[WORK REQUEST]:
Range to output from the entries below: the line containing "Loggerhead Shrike - ML617032927" through the line containing "Logo Design by". Set it down exactly, ends included, nothing else.

[DATA FOR REVIEW]:
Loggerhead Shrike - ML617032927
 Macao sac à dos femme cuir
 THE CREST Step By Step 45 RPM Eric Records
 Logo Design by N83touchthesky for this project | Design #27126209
--
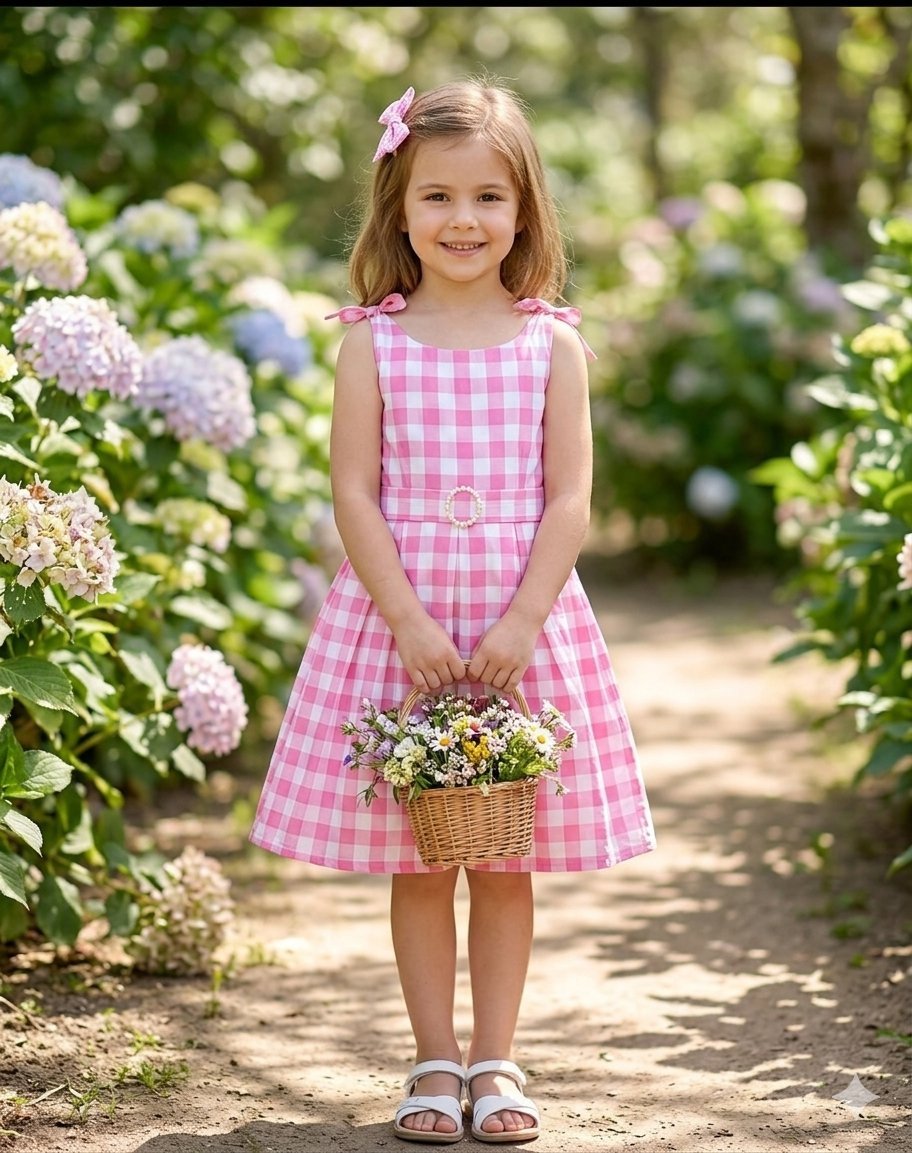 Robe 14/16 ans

[ANSWER TO THE PROBLEM]:
Loggerhead Shrike - ML617032927
 Macao sac à dos femme cuir
 THE CREST Step By Step 45 RPM Eric Records
 Logo Design by N83touchthesky for this project | Design #27126209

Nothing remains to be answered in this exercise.